- _Directions_:
Go to the line that contains "OGLmove 2Pcs Set" in the listing below, then output it and every line after it exactly, omitting pictures.

- _Information supplied_:
--- START ---

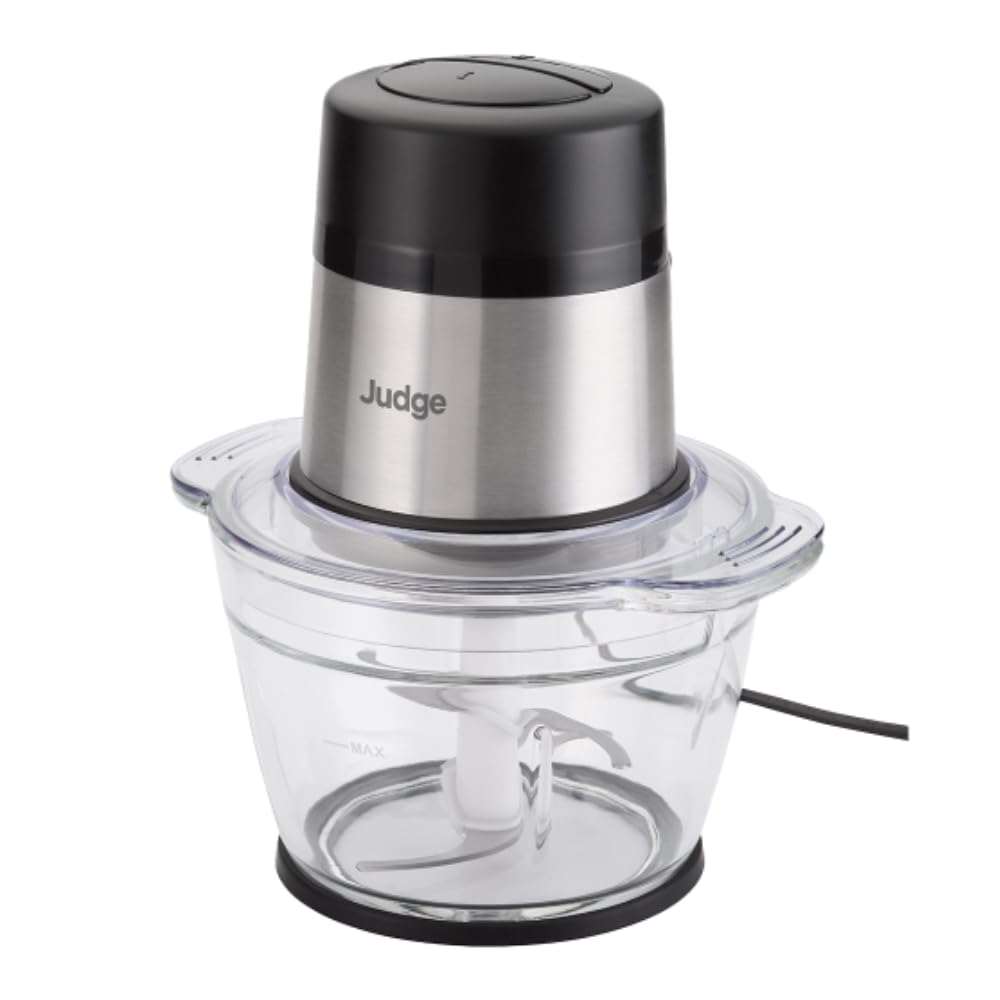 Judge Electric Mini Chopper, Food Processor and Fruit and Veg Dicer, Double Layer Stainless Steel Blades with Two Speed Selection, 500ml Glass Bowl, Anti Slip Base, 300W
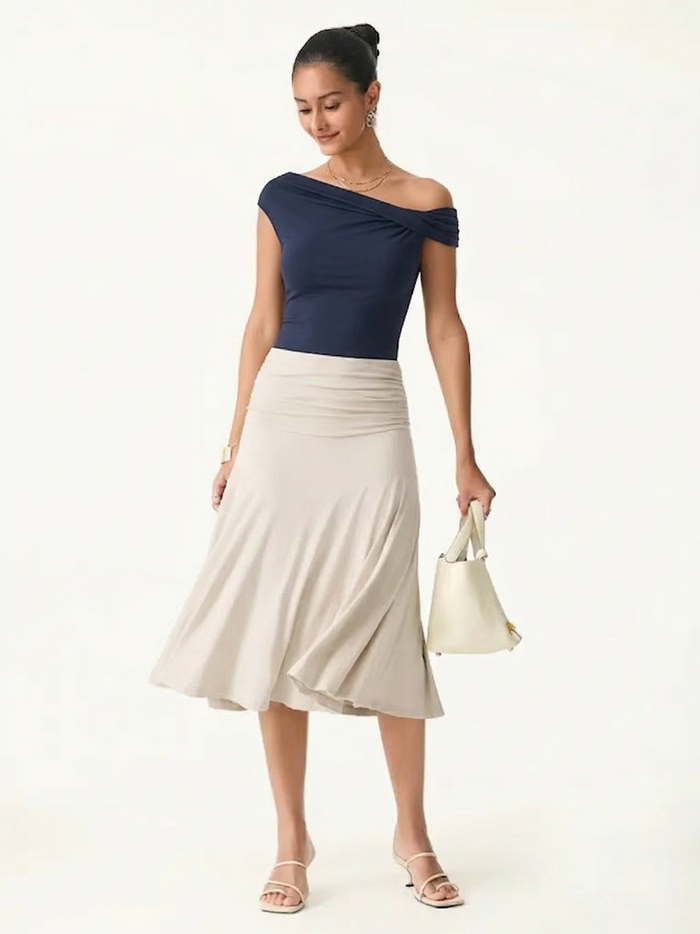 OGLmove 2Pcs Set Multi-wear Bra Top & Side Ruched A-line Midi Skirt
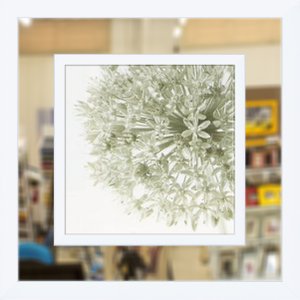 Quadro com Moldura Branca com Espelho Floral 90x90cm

--- END ---

- _Solution to this problem_:
 OGLmove 2Pcs Set Multi-wear Bra Top & Side Ruched A-line Midi Skirt
 Quadro com Moldura Branca com Espelho Floral 90x90cm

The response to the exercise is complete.